It’s a given. Any president’s second inaugural really isn’t as big a deal as the first.
That’s doubly so for President Barack Obama. How does he top his historic election in 2008 and inaugural party that followed?
Crowds for the festivities through Monday’s ceremony and parade are expected to be respectable, but a fraction of the estimated million-plus that flooded the city four years ago.
Street vendors understand what’s happening. In 2009, more than 1,000 vendors sought special licenses to sell wares on the street. This year, just about 100 or so vendors signed up. (That’s still pretty good. City officials say that for the second George W. Bush inaugural in 2005, only about two dozen vendors applied.)
The Notebook is bummed that Aretha Franklin is not making a return appearance this year. Her rendition of “America (My Country, ’Tis of Thee)” was so powerful. And, of course, the dramatic hat had the country talking.

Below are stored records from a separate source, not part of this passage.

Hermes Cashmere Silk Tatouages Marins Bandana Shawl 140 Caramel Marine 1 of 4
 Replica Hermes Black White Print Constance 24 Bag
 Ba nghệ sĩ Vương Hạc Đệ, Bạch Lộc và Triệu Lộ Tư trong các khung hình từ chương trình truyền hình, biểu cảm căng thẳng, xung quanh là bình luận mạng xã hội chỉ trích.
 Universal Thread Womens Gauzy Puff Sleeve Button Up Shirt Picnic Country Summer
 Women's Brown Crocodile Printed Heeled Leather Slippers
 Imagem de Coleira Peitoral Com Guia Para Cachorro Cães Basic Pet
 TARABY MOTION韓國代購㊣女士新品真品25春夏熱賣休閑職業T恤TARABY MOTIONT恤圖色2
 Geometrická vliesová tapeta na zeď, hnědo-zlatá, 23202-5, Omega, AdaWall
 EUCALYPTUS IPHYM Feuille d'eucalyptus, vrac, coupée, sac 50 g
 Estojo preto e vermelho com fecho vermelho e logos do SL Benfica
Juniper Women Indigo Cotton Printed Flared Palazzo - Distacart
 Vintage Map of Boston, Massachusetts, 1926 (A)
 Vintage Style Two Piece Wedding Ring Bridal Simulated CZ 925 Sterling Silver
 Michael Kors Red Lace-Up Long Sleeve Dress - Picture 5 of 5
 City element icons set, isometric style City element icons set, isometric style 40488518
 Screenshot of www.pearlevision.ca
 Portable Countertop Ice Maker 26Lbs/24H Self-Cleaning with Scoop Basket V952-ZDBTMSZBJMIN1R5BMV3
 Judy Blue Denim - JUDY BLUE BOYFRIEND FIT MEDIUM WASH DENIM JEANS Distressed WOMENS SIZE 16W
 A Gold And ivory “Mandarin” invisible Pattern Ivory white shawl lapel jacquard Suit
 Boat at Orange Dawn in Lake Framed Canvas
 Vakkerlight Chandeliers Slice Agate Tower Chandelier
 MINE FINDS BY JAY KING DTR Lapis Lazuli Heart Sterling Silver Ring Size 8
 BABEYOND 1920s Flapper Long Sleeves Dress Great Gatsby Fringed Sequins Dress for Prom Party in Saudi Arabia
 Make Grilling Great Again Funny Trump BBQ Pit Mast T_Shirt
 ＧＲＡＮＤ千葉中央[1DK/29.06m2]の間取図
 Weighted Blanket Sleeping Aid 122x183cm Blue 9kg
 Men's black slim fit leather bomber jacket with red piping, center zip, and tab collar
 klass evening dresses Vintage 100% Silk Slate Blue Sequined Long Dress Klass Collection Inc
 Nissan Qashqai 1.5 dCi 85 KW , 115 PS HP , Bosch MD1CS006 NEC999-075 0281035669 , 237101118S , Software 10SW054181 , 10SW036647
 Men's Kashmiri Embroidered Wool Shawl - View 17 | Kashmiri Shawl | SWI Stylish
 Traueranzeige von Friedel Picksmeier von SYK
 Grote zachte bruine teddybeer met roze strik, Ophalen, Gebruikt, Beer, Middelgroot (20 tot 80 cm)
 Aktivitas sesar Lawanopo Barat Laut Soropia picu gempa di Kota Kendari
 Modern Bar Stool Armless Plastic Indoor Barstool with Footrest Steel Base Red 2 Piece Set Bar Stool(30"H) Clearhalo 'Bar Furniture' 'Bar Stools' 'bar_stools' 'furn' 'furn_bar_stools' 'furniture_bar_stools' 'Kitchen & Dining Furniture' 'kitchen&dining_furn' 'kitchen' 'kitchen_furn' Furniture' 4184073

The New York Times a couple of days later reported:
“She reached back to her gospel roots and adorned herself as if for church, topping her outfit with a dove-gray wool chapeau, dominated by a giant bow set off at a jaunty angle and ringed in sparkling Swarovski crystals.
“The hat was an instant sensation. Even before Ms. Franklin had finished singing ‘My Country, ’Tis of Thee’ on the inaugural podium, calls began pouring in to her hat designer, Luke Song, 36, of Mr. Song Millinery in Detroit, Ms. Franklin’s home town.”
And the Smithsonian itself asked for the hat for its collection.
Just for the record, singer Kelly Clarkson will sing “My Country, ’Tis of Thee” on Monday. She’s good. But she’s not Aretha.
■ The oath. Supreme Court Chief Justice John Roberts will again swear in President Obama. But the public ceremony in front of the Capitol will be only for show. By law, the president has to be sworn in by noon on Jan. 20. That’s a Sunday this year. Obama will take the oath in private at the White House, and they’ll do it again for the public on Monday.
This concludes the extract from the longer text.